The design effectively simulates a chromic equivalent of the liver-crippling psychedelic effects experienced from guzzling one dose (500ml or 1 pint) of sweet, yeasty, speedy caffeine-infused Chateau de McCabe. Screen-printed at INK INC, sky blue on ƒluoro orange card c.1984.
Click below to see the quasi-instructional film “Drink For The Heart, Heart For The Road”, the soundtrack of which is the McCabe ditty of the same name. (This is probably the Fassbinderesque peak of Lawrence Lens’s celluloid involvement with AXEMEN).
The “how to” theme of 1985’s “Screen Printing” is carried over and combined with priceless historical reportage and hallucinatory fantasy scenes at McCabe’s unsanitary pad in Christchurch. His school-boy beginnings as a backyard brewer have by this stage guaranteed a constant supply of 1.5 litre (3 pint) “sleek botts” bulging with a murky form of liquid amphetamine (a.k.a. coffee wine).

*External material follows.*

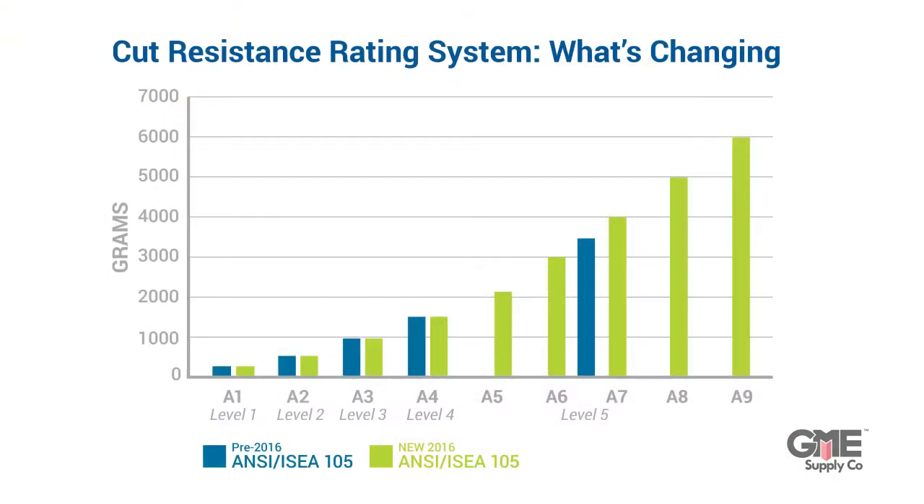This graph from HexArmor shows the difference between the old and the new scale. As you can see, there are much smaller ranges which specify the added cut ratings. The new standard spans from 0 grams to 6,000 grams of cut resistance.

Occasionally (due to fancy, budgetary constraints, or experimental urges), frozen free-flow carrots, peas and corn were also utilised. But it was the “Chateau de McCabe” coffee wine which jump-started the boys after a pre-gig snooze on the dance-floor during the previous act; the legendary slurry* powered them through many glorious gigs up and down the emerald isles.
*slurry |ˈslərē|noun ( pl. -ries) a semiliquid mixture, typically of fine particles of manure suspended in water. ORIGIN late Middle Southerish : related to dialect slur [liquid guano], of unknown origin.